You’re familiar with the expression “If it bleeds, it leads.”?
A reference to an unwritten rule in journalism, the suggestion was that the most sensational, graphic or tragic news would make it to the front of the paper, the top of the newscast, or the cover of the magazine.
Today, it’s not only “blood” that captures editors’ attentions, but a whole slew of new buzzwords and topics that seem to propel a story to the forefront. Words like “green,” “sex,” “cancer,” or “fat.”
The new expression might be, “If it’s Green, ’twill be seen.”
In response, PR folks have taken to the practice of “optimizing” press materials to get the attention of busy editors and gain favor in publication. This is not optimizing keywords for Internet search indexes, but optimizing for real-life eyeballs.
For example, check out this New York Times article about a story that appeared in several news outlets using the PR pitch headline: “Toxic Ties to ‘New Shower Curtain Smell’ Evident, According to Latest Laboratory Testing.” Those are some mighty compelling “keywords”: toxic, laboratory testing.

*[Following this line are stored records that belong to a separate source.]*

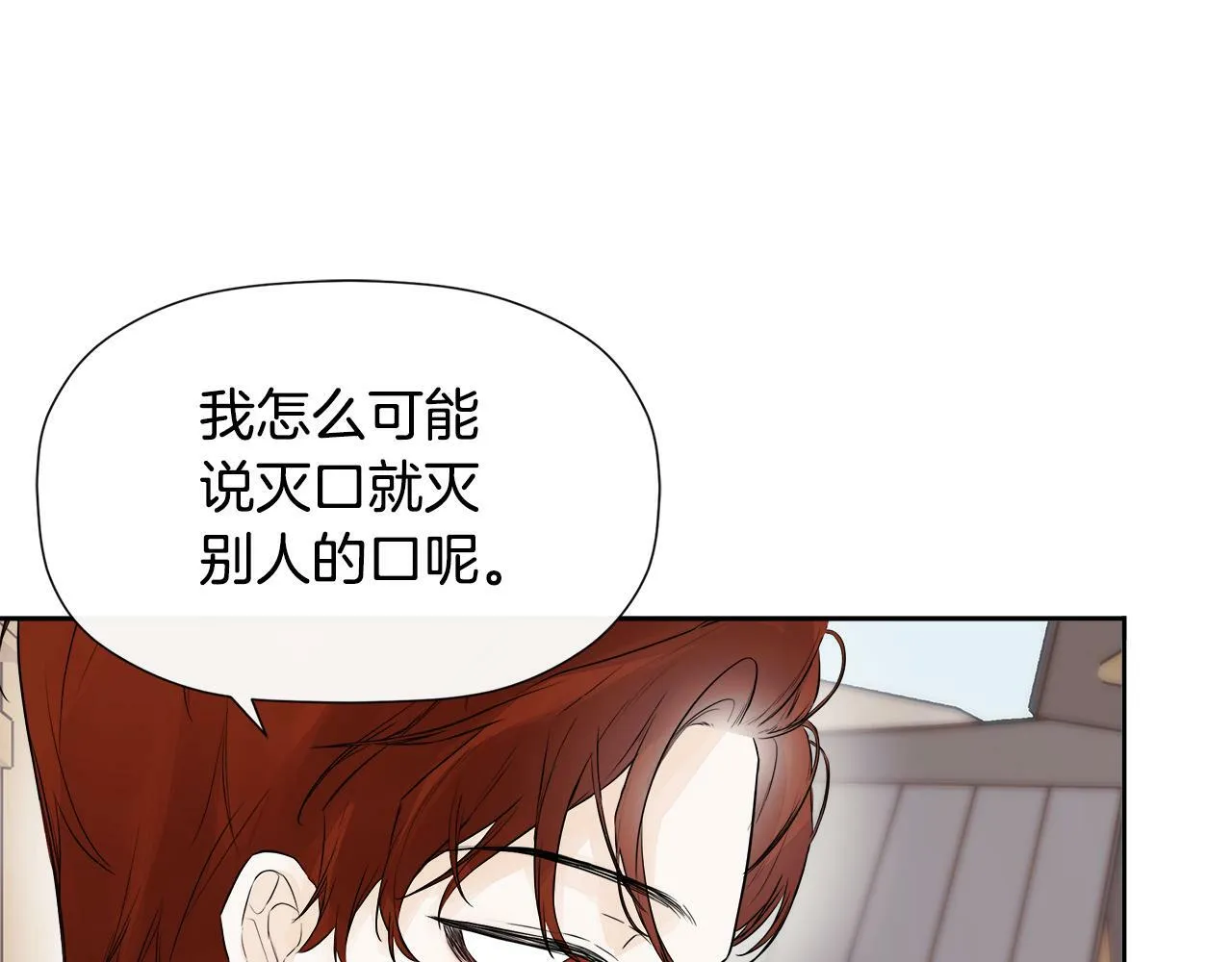 第7话 魔法契约书 第19页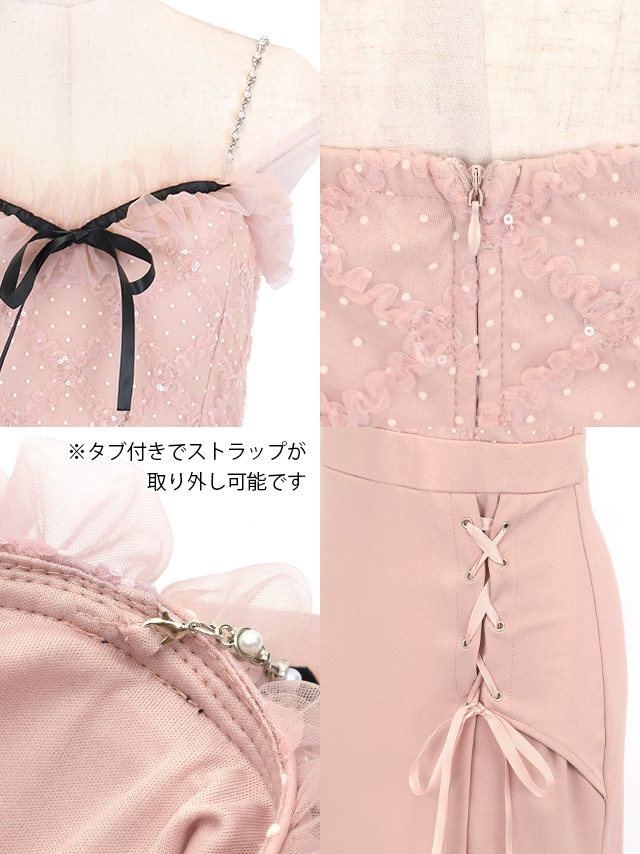tika ティカ キャバドレス 可愛い
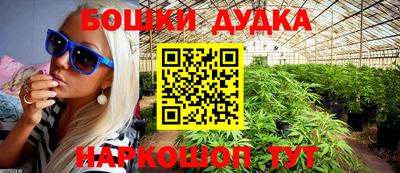 бошки Ипатово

And the story got considerable play, despite being much ado about nothing, including prominent placement on ABC News.
I prefer the tried and true method of press relations: “If it’s real, lose the shpiel.” There’s no substitute for a good story, and fancy keywords and topical hot buttons shouldn’t dress up a lame story (and, I suspect, don’t, for a vast majority of journalists).
Then again, look again at what I chose as the first word in the headline of this post.